- _About this exercise_:
Provide only the number of lines in the data below that contain the string "Flats".

Study material below:

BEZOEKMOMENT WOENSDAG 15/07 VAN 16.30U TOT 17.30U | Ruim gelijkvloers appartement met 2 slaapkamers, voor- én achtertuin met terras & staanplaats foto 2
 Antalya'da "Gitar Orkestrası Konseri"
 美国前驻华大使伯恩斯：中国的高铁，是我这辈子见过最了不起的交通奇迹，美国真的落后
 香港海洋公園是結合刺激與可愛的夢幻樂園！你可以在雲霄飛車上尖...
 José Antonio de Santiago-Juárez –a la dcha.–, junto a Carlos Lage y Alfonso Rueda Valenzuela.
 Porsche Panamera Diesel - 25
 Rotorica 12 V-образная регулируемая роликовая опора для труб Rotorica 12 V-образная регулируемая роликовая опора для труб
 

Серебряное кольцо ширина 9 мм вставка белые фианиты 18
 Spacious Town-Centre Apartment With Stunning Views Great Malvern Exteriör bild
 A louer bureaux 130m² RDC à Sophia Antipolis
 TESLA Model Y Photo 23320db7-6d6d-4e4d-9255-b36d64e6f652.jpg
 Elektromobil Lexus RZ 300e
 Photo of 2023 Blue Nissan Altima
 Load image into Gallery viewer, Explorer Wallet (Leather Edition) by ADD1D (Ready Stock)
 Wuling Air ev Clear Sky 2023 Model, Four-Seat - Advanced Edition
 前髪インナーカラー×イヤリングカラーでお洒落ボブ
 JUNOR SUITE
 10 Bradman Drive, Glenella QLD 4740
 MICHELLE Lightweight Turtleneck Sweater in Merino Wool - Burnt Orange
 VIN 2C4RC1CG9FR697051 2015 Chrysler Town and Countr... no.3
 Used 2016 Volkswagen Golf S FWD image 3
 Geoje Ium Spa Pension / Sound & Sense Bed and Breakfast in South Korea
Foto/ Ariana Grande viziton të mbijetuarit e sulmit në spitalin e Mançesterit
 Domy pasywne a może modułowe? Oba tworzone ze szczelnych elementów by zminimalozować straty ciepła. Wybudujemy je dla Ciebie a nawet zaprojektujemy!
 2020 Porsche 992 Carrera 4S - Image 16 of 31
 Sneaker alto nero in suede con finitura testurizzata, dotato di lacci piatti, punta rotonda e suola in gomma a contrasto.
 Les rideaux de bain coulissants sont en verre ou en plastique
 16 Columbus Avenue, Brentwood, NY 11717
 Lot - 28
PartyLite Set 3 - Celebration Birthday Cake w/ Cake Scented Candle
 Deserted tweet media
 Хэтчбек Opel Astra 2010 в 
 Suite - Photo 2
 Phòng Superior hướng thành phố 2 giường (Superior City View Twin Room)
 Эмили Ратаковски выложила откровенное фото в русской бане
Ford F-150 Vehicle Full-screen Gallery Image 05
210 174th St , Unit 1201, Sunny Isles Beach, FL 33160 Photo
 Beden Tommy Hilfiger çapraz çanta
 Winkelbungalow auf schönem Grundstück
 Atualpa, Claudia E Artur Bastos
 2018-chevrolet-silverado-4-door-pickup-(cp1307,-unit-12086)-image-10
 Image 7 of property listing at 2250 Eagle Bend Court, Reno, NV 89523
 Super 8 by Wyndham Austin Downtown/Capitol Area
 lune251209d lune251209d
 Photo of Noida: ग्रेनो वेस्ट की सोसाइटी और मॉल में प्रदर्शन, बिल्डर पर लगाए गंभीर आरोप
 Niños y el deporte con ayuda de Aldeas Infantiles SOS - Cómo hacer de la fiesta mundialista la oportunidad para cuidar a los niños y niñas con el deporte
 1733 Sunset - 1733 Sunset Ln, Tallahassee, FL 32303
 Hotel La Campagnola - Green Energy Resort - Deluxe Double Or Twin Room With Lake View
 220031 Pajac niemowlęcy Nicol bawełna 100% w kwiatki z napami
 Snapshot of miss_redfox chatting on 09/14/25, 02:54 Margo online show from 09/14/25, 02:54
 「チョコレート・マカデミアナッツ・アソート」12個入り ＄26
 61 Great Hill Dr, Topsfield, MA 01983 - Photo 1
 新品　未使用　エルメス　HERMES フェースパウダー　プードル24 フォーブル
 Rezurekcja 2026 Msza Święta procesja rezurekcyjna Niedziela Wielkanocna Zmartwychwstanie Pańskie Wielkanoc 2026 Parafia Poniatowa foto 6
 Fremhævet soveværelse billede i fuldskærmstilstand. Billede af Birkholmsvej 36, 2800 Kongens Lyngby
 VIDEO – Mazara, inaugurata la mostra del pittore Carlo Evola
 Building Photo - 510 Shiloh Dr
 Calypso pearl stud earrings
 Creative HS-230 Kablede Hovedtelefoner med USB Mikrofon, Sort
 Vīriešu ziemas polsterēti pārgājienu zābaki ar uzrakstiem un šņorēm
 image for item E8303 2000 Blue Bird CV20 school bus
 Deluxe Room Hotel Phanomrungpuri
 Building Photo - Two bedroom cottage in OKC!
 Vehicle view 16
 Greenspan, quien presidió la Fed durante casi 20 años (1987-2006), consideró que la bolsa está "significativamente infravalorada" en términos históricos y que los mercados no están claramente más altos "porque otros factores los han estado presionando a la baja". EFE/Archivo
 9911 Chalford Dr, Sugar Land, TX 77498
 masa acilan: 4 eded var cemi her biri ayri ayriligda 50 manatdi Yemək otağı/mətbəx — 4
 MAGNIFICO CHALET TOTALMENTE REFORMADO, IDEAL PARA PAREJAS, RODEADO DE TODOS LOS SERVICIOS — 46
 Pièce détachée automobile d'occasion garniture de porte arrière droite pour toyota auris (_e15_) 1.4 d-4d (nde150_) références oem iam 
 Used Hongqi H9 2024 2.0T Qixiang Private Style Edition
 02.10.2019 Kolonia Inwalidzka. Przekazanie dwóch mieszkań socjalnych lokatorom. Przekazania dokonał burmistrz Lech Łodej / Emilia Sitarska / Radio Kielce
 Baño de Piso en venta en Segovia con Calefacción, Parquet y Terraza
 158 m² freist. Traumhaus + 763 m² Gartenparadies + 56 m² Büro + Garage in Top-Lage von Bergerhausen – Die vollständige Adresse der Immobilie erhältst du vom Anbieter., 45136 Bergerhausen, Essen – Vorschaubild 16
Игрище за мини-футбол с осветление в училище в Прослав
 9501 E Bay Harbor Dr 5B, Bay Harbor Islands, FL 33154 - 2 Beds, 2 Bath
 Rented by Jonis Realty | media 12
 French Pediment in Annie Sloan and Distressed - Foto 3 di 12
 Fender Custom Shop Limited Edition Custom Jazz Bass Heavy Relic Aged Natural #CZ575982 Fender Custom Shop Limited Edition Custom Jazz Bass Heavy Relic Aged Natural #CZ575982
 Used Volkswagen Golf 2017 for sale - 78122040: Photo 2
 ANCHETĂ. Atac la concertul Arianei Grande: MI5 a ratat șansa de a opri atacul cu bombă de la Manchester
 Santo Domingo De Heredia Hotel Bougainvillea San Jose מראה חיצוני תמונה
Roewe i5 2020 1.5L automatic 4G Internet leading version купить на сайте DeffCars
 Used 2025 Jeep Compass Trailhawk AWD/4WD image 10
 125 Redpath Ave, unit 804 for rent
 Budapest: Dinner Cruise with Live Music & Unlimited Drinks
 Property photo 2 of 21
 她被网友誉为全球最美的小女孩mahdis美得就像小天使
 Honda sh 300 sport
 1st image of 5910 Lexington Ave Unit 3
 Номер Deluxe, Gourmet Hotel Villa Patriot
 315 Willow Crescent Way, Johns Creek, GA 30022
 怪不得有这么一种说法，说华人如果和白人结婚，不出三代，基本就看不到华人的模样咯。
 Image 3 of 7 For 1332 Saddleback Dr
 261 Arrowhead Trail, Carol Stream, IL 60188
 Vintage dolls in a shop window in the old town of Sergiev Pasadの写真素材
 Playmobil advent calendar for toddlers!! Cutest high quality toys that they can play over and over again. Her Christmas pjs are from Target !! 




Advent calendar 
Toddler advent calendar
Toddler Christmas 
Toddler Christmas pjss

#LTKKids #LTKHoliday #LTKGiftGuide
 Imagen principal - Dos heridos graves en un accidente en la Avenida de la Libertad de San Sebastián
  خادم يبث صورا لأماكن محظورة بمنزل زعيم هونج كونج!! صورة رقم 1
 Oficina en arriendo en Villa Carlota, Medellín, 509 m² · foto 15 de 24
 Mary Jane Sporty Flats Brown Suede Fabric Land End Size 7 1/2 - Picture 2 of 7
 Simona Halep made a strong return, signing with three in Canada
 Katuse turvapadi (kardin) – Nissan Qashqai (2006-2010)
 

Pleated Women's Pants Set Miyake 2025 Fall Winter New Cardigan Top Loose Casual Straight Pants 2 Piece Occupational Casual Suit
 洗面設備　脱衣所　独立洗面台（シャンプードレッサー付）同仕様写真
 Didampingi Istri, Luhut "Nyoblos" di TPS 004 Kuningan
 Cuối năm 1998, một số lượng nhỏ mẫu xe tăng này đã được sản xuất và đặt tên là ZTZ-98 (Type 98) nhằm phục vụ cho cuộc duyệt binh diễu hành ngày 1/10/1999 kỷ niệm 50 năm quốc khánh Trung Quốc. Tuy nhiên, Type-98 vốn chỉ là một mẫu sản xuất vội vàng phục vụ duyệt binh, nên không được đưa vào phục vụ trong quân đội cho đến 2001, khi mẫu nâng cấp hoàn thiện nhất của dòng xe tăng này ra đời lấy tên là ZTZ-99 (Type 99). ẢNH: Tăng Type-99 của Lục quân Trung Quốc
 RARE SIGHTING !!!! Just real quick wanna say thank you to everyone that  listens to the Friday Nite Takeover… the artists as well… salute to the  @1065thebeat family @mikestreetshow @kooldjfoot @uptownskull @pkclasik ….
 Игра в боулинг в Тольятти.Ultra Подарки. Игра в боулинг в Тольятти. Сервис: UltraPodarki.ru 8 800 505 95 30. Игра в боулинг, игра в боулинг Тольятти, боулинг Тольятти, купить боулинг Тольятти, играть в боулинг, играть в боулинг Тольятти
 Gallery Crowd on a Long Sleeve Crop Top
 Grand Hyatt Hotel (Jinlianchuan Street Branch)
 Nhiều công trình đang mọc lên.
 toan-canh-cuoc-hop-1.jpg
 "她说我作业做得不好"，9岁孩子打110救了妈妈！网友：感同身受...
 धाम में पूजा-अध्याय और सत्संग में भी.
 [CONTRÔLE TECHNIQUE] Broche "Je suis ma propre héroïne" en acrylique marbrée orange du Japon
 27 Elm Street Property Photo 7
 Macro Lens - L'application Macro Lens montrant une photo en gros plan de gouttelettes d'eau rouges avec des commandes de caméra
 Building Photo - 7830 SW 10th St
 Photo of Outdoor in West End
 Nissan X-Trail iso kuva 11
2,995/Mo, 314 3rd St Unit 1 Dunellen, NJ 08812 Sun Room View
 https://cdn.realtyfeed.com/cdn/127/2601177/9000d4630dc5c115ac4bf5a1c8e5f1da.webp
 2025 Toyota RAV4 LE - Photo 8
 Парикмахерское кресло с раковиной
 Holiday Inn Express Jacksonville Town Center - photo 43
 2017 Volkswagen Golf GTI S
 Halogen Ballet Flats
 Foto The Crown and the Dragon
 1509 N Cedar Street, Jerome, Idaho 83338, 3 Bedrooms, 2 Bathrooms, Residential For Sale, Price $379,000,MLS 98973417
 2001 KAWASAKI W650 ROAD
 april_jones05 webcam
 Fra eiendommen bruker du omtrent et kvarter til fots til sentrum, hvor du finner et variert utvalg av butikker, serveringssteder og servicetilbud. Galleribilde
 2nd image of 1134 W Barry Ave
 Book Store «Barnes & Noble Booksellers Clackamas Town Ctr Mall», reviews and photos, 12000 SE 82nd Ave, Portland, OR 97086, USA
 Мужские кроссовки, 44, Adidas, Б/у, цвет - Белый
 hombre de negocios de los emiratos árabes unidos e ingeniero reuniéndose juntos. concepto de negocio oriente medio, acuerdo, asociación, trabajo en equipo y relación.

End of Study material.

- _Output for this task_:
2